2. Ascertaining the differences between the prior art and the claims at issue.
3. Resolving the level of ordinary skill in the pertinent art.
4. Considering objective evidence present in the application indicating obviousness or nonobviousness.
7. Claim(s) 4 and 5 is/are rejected under 35 U.S.C. 103 as being unpatentable over Yadav et al US 2020/0120144 A1 (hereinafter Yadav) as applied to claim 3 above, and further in view of Singh US 2016/0117466 A1.
As to claim 4, Yadav does not teach engaging a plurality of tools. Yadav does not teach generating, by the plurality of tools, the plurality of risk analysis responses based on the plurality of evidence vectors.
Singh teaches generating, by the plurality of tools, the plurality of risk analysis responses based on the plurality of evidence vectors (i.e. plurality of risk assessment tools) [0102].
Therefore, it would have been obvious before the effective filing date of the claimed invention to a person having ordinary skill in the art to which the claimed invention pertains to have modified Yadav so that the plurality of tools would have generated the plurality of risk analysis responses based on the plurality of evidence vectors.

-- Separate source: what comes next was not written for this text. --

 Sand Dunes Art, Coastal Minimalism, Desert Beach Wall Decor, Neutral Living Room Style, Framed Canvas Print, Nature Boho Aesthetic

It would have been obvious before the effective filing date of the claimed invention to a person having ordinary skill in the art to which the claimed invention pertains to have modified Yadav by the teaching of Singh because it helps identify individuals that are likely to engage in adverse behavioral outcomes [0003].

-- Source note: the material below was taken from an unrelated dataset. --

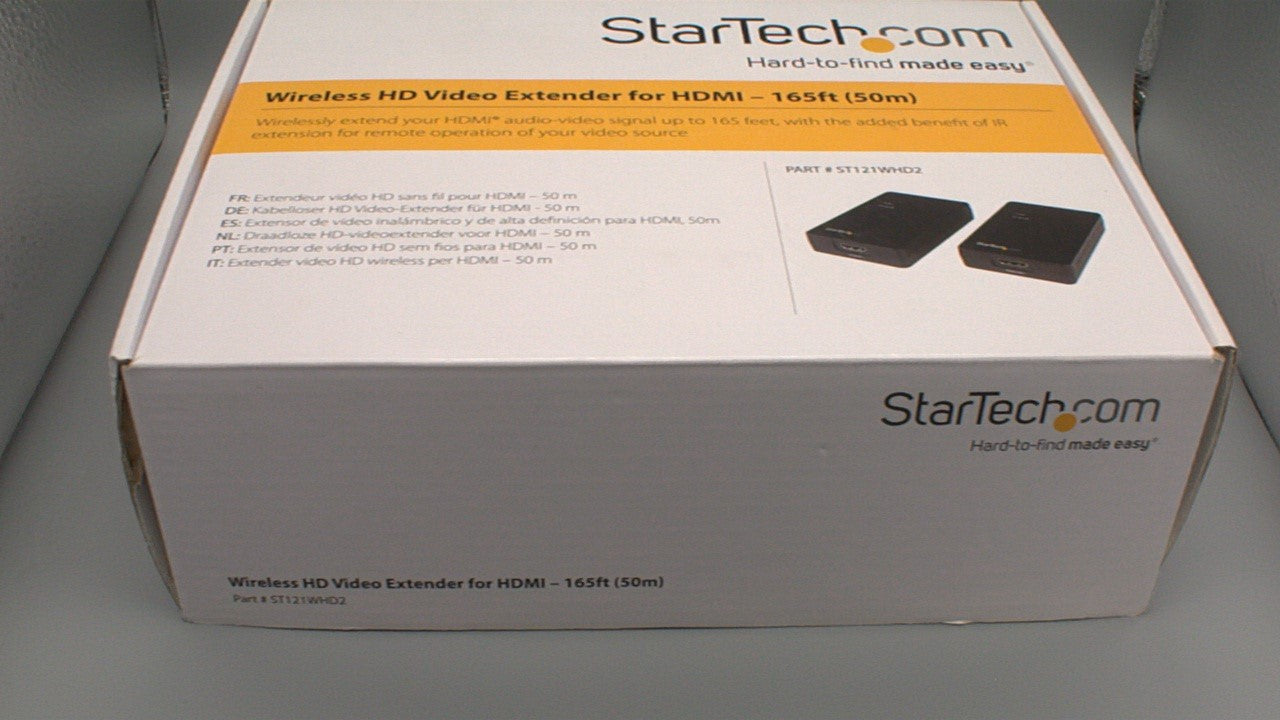 StarTech ST121WHD2 HDMI Over Wireless Extender - Wireless HDMI Video - 1080p Used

As to claim 5, Yadav does not teach the method of claim 4, wherein the plurality of tools comprises a set of risk assessment tools.
Singh teaches that the plurality of tools comprises a set of risk assessment tools (i.e. plurality of risk assessment tools) [0102].
Therefore, it would have been obvious before the effective filing date of the claimed invention to a person having ordinary skill in the art to which the claimed invention pertains to have modified Yadav so that the plurality of tools would have comprised a set of risk assessment tools.
It would have been obvious before the effective filing date of the claimed invention to a person having ordinary skill in the art to which the claimed invention pertains to have modified Yadav by the teaching of Singh because it helps identify individuals that are likely to engage in adverse behavioral outcomes [0003].
8. Claim(s) 6 is/are rejected under 35 U.S.C. 103 as being unpatentable over Yadav et al US 2020/0120144 A1 (hereinafter Yadav) and Singh US 2016/0117466 A1 as applied to claim 4 above, and further in view of Wang et al US 2019/0116193 A1 (hereinafter Wang).
As to claim 6, the Yadav-Singh combination does not teach the method of claim 4, wherein the plurality of tools comprises a set of evidentiary tools.
Wang teaches that the plurality of tools comprises a set of evidentiary tools (i.e. event cluster based on the received events during a period) [0045].
Therefore, it would have been obvious before the effective filing date of the claimed invention to a person having ordinary skill in the art to which the claimed invention pertains to have modified the Yadav-Singh combination so that the plurality of tools would have comprised a set of evidentiary tools.
It would have been obvious before the effective filing date of the claimed invention to a person having ordinary skill in the art to which the claimed invention pertains to have modified the Yadav-Singh combination by the teaching of Wang because it helps determine if user activity is normal or abnormal [0004].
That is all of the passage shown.